Ali tragó saliva y por primera vez no parecía muy segura de sí misma. Hizo un gesto con la mano invitándole a hablar.

Él se lanzó.

– Estoy aquí porque me gustas de verdad, porque puedo estar confundido sobre muchas cosas y puede que tengas razón con lo de los morritos, pero la verdad es que ahora estoy aquí porque no puedo dejar de pensar en ti. Pienso en ti todo el día y, cuando lo hago, se me pone una sonrisa tonta en la cara. Algo así. -Fue su turno de hacer una demostración-. Por eso estoy aquí, ¿vale?

– Ésa -dijo Ali, intentando no sonreír- es una buena respuesta.

Él estuvo a punto de decir algo ingenioso, pero se contuvo. Con la madurez viene la contención.

– Myron…

– ¿Sí?

– Quiero que me beses. Quiero que me abraces. Quiero que me lleves arriba y me hagas el amor. Quiero que lo hagas sin expectativas porque yo no tengo ninguna. Podría dejarte mañana o podrías dejarme tú. No importa. Pero no soy frágil. No voy a describirte el infierno que han sido estos últimos cinco años, pero soy más fuerte de lo que podrías imaginarte. Si la relación sigue después de esta noche, serás tú el que tendrá que ser fuerte, no yo. Es un ofrecimiento sin obligaciones. Sé que quieres ser bueno y noble. Pero no es lo que quiero. Lo único que quiero esta noche eres tú.

Ali se inclinó hacia él y le besó en los labios. Primero suavemente y después con más pasión. Myron sintió una ola dentro de él.

Ella volvió a besarle. Y se sintió perdido.

Una hora después -o tal vez sólo fueran veinte minutos- Myron se dejó caer de espaldas.

– ¿Y bien? -dijo Ali.

– Uau.

– Dime más.

– Espera a que recupere el aliento.

Ali se rió, y se acurrucó más contra él.

– Las extremidades -dijo-. No me siento las extremidades.

– ¿Nada de nada?

– Una cosita tal vez.

– No tan cosita. Y tú tampoco has estado mal.

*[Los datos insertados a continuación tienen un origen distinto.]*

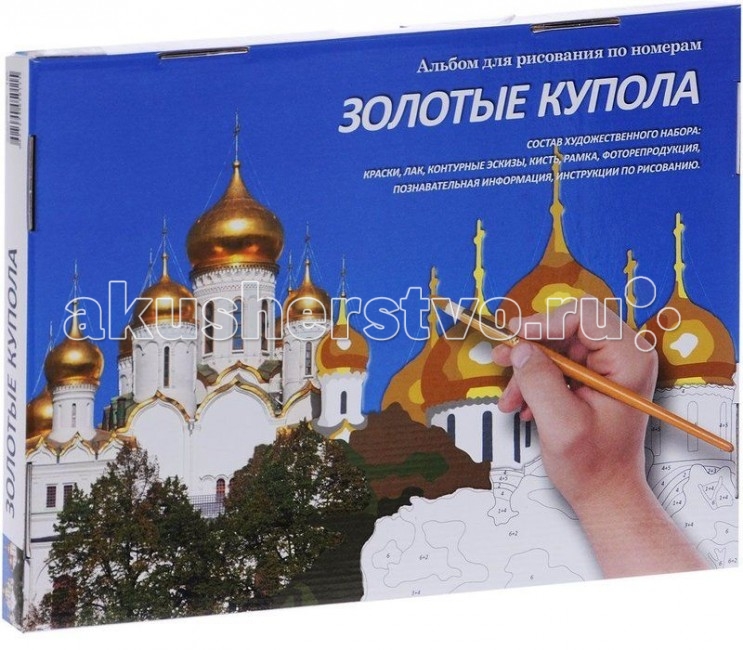 Мастер-класс по номерам Золотые куполапо номерам Золотые купола Мастер-класс по номерам Золотые куполапо номерам Золотые куполаРаскраска по номерам Мастер-Класс МК 142-01 Золотые купола. Серия: Любимый город. Альбом посвящен Успенскому и Благовещенскому соборам Московского Кремля. Альбом помогает развивать творческие способности и знания в области российской истории и изобразительных искусств у взрослых и детей от 8 лет. Применяющийся метод рисования не требует специального обучения или художественных навыков и доступен почти всем. Альбом рассчитан не только на рисовальщиков начального уровня. В альбом включены и сложные элементы, чтобы интересно было рисовать на уроках ИЗО и в художественных студиях. В набор Золотые купола входит: Простой контурный эскиз на многослойном картонном листе в двух вариантах сложности Качественная полноцветная репродукция-постер фотографии Надежная оригинальная трансформирующаяся коробка-этюдник в подарочном оформлении Готовые к работе натуральные акриловые краски 6 цветов на водной основе в пластиковых баночках Удобная подставка под краски с палитрой и возможностью получать новые оттенки Глянцевый защитный художественный лак без запаха с эффектом масляных красок Красивая багетная золоченая рамка для вывешивания на стену репродукции или рисунка Эргономичная кисть для мелких деталей с укороченным древком для детской руки Интересный рассказ об истории создания и культурном значении Полезные советы с пошаговой инструкцией и наглядными подсказками на русском языке.<br>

– Como dijo una vez Woody Allen, practico mucho cuando estoy solo.

Ella apoyó la cabeza en su pecho. El corazón acelerado de Myron empezó a calmarse. Miró al techo.

– Myron.

– Sí.

– Él nunca saldrá de mi vida. Y tampoco dejará a Erin y a Jack.

– Lo sé.

– La mayoría de hombres no podrían soportarlo.

– Yo tampoco sé si podría.

Ella le miró y sonrió.

– ¿Qué?

– Eres sincero -dijo-. Me gusta.

– ¿No más morritos?

– Oh, eso lo he liquidado hace veinte minutos.

Él apretó los labios, frunció el ceño y pestañeó.

– Espera, creo que ha vuelto.

Ella volvió a apoyar la cabeza en su pecho.

– Myron…

– ¿Sí?

– Nunca saldrá de mi vida -dijo ella-. Pero ahora no está aquí. Ahora estamos sólo tú y yo.

6

En el tercer piso del St. Barnabas Medical Center, condado de Essex, la investigadora Loren Muse llamó a la puerta donde decía dra. Edna skylar, genetista.